A recent analysis found that average fall temperatures are increasing due to our warming climate. This week, Climate Central found that summer temperatures are lingering longer, increasingly intruding on the fall season. The analysis looked at the last calendar day when local temperatures reached their average daily summer high. Of the 242 cities analyzed across the U.S, 77% (186) recorded their last day of summer-like temperatures an average of three or more days later since 1970 with half (122) lasting a week or more longer. The largest changes were reported in the Gulf region: Florida and Texas top the list with Miami, Lubbock, and San Angelo extending into the year by an average of 45, 25, and 24 days respectively since 1970.
The hallmarks of our shifting spring phenology can be most noticeable, such as earlier floral bloom and snow melt, but we know that delayed autumnal temperatures also have consequences for ecosystems. The intrusion of summer warmth into colder seasons presents a significant challenge for native plant and animal species whose life cycles are scheduled around the once-reliable seasonal changes. For instance, natural tactics to withstand cold temperatures (known as ‘overwintering’) are pushed back, meaning later migration, hibernation and leaf drop.
A longer frost-free season spells trouble for allergy sufferers, but it could mean more time for growing and harvesting crops ーan average of two extra weeks since 1970. While this may be a possible benefit to some farmers and crops in some locations, there are numerous other impacts of climate change on agriculture such as water stress, depleted crop yields, and risks for farm workers due to excessive heat, and losses from increases in extreme weather events.
Colder temperatures are what keeps many pest and invasive species at bay, so retreating cold could also favor the survival of more mosquitoes, ticks (and the diseases they carry), as well as crop pests and weeds. Natural ecosystems are complex and intervening to either conserve a beloved species or suppress the growth of an unfavorable one may not be within our power. Our best hope to stabilize our climate is by significantly reducing greenhouse gas emissions.

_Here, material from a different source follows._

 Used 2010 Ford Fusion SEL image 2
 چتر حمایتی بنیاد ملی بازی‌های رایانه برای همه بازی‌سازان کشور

Daily temperature data from 1970-2019 were obtained from the Applied Climate Information System. Thresholds were calculated by finding the average summer maximum temperature from 1970-2019 and rounding that number to the nearest five degrees. For example, the average summer maximum temperature (1970-2019) in Abilene is 93.4°F so the appropriate threshold would be 95°F. Only 242 of our 244 stations are included in summary statements due to large data gaps in St. Johnsbury, Vt. and Wheeling, W. Va.